As their vocabulary systematically expanded, I was also able to tell increasingly complex stories without losing their interest. It is a great delight for them to realize they can recognize words even in completely new stories and situations. Throughout a story, I would often stop and ask simple questions or let the children anticipate a phrase that repeats throughout the story – the more that they interact in this way with the story, the more that they are manipulating the information and integrating in deeper levels of their consciousness.
Practicing “open” and “closed” with hand movements
In Biopsychology, knowledge is referred to as a type of “pabulum” or food for the mind. In the same way that we absorb and digest food, so new information must be presented in a “tasty” or interesting way, to even enter within the mind. Next, just as food must be chewed properly, the new knowledge must be manipulated, interacted with, broken down so that it can be better assimilated. This chewing happens with language when the words are repeatedly used and experimented with in variety of different situations and contexts so that their full meaning and usage can be understood. Finally, the digestion of the language happens as the words are internalized and become intuitive knowledge – no longer is there a conscious need to think about what a word means – you just know it. Anyone who has achieved fluency in a new language knows that there comes a moment in which the mind is no longer engaged in translating but rather can just think directly in the new language, even if in a limited way due to lack of vocabulary. Once the mind achieves even a limited ability to directly think in the new language, absorption begins to accelerate exponentially. I think of it as a kind of “snow-ball effect”. Once there is a small workable kernel of internalized language within the mind, new words and phrases stick to that core and it quickly grows and expands. With children, the “translation” stage that adults go through is skipped, and they begin acquiring a kernel of internalized language immediately when the language is presented in this synthetic style.
Another fact that is important to understand when teaching language, is that though languages may be very complex in their full vocabulary – for daily use, research shows that most human beings use a much more limited vocabulary – with only 100 words consisting of about 50% of all spoken languages. The Saturday edition of the New York Times newspaper contains, on average, only 600 different words.

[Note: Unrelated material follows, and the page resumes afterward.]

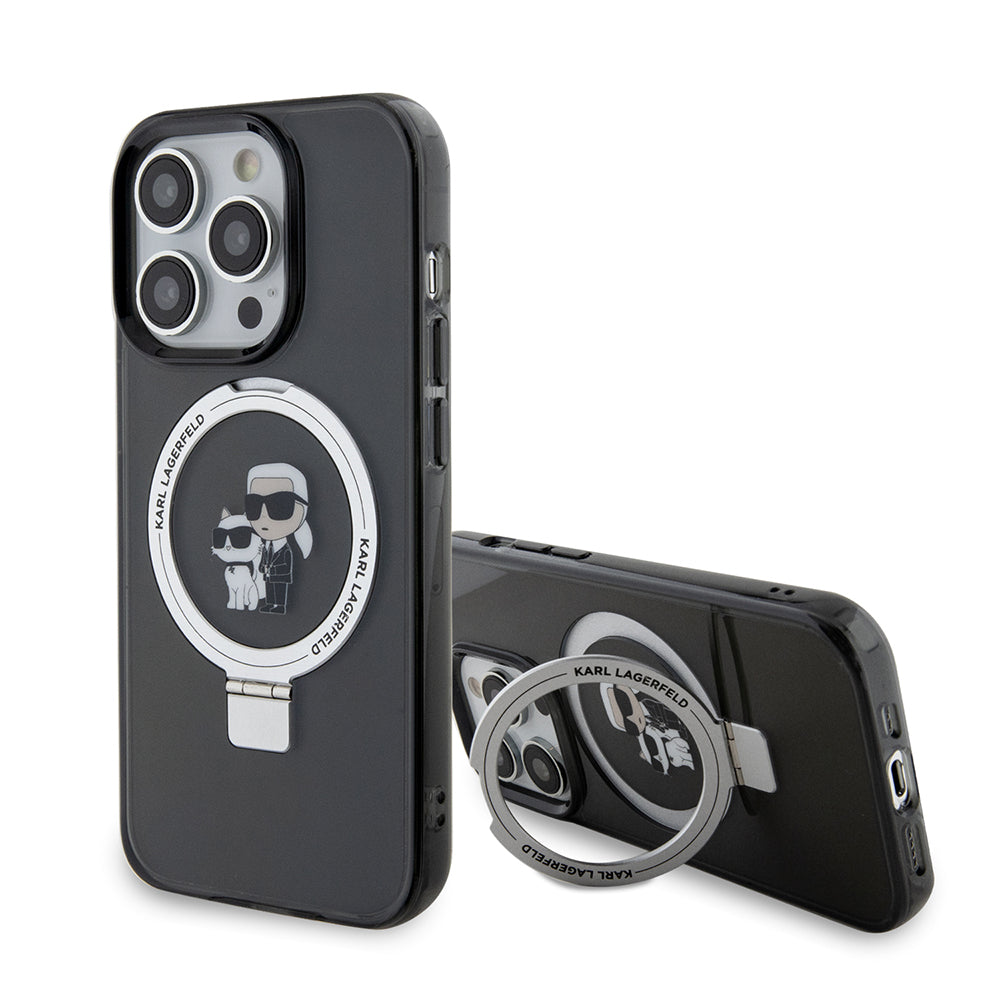 Futrola MagSafe za Apple iPhone 15 Pro Max, Karl Lagerfeld, Ring Stand Karl & Choupette, Crna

When teaching a language, mastery does not necessary come from the quantity of words memorized, but rather from understanding the rules of how and when to utilise them meaningfully. Language is actually a machine for transmitting ideas. A machine is not just composed of metal bits and wheels – it needs a certain structure in order to work. The words are simply building blocks, but the structure is grammar.

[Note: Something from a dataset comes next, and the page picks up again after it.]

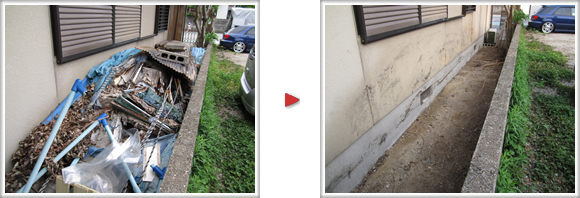 福岡市南区柳瀬の【便利屋】暮らしなんでもお助け隊 福岡茶山店　春日市泉のお客様宅の通路が粗大ゴミ、不要品で山盛りに、全て撤去、片付けました。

Most of us when we hear the word grammar, think of very abstract, rather dry and boring classes explaining rules and formulas of grammar. But actually, grammar can be just as fun and exciting a part of understanding a language as learning new words, if it is not taught separately and intellectually, but rather simply demonstrated in action.
When the vocabulary is simple and easily understood – then basic rules of grammar can be demonstrated effectively with examples. Children’s minds are in a state of trying to absorb the whole universe, and to do this efficiently, the mind is constantly searching for patterns and laws so that complex amounts of information can be simplified by organizing them into predictable, systematic patterns. It is this natural tendency towards classification and order that can make grammar easy to intuit if simply presented in a way that that focuses the attention on a logical pattern or law, and demonstrates it as a consistent in a diversity of situations.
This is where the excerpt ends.